The service, the second of its kind on Vancouver Island, will offer transplant patients counseling, blood work and monitoring of medication that they previously had to get in Vancouver or at Victoria’s Royal Jubilee Hospital.

It’s all part of expanding renal services in the central Island, according to Bill Kane, Island Health’s director of renal services, who says travelling over the Malahat is a scary thing for a lot of people, especially in the winter.

A large portion of patients – about 175 – who live in the central and north Island will have better access to patient care services closer to where they live, said Kane, who calls it “a positive step forward in providing access to the care patients’ need.”

Vince Cownden, a Cobble Hill resident and kidney transplant patient, says he would use the Nanaimo clinic, which he considers an easier drive than Victoria, where he has to cross the Malahat and “go all across the city.”

The new clinic would also be tremendously helpful for anybody north of Cobble Hill, he said.

“People who live in Nanaimo even and beyond having to go to Victoria, it’s not just inconvenient, it’s a big deal and ... if your health is not 100 per cent and you are not able to do all the driving that just adds to it,” he said.

Nanaimo’s Melanie Kirk, who received her kidney transplant more than a year ago, said there are those who don’t drive or have the transportation to make the trip to Victoria, so “it definitely is an advantage.”

She will be three blocks from the new clinic, although has mixed feelings about the service. Kirk has had the same kidney specialist in Victoria for 18 years.

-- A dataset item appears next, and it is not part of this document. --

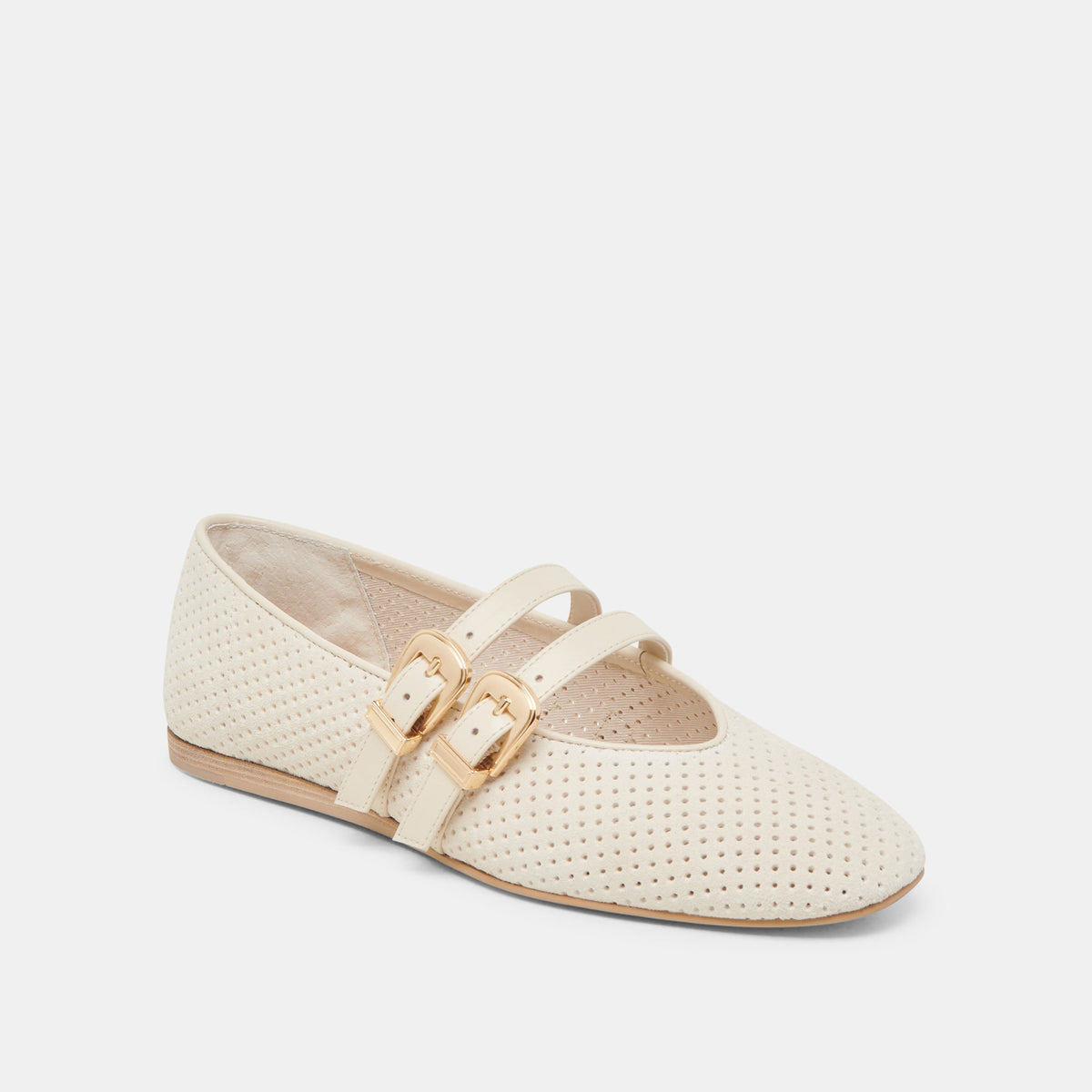 Baylee Wide Bone Perforated Suede Ballet Flats | Dolce Vita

“Logically, I understand that with as busy and overcrowded as they are in Victoria, they have to shift some patients,” she said. “I have no reason to not be willing to make the changes with all the benefits of not having to drive down ... but I am kind of hesitant to lose the guy I’ve known for such a long time.”

The new clinic, a partnership with B.C. Transplant, will open in 2015 at the kidney care clinic in Beaufort Centre.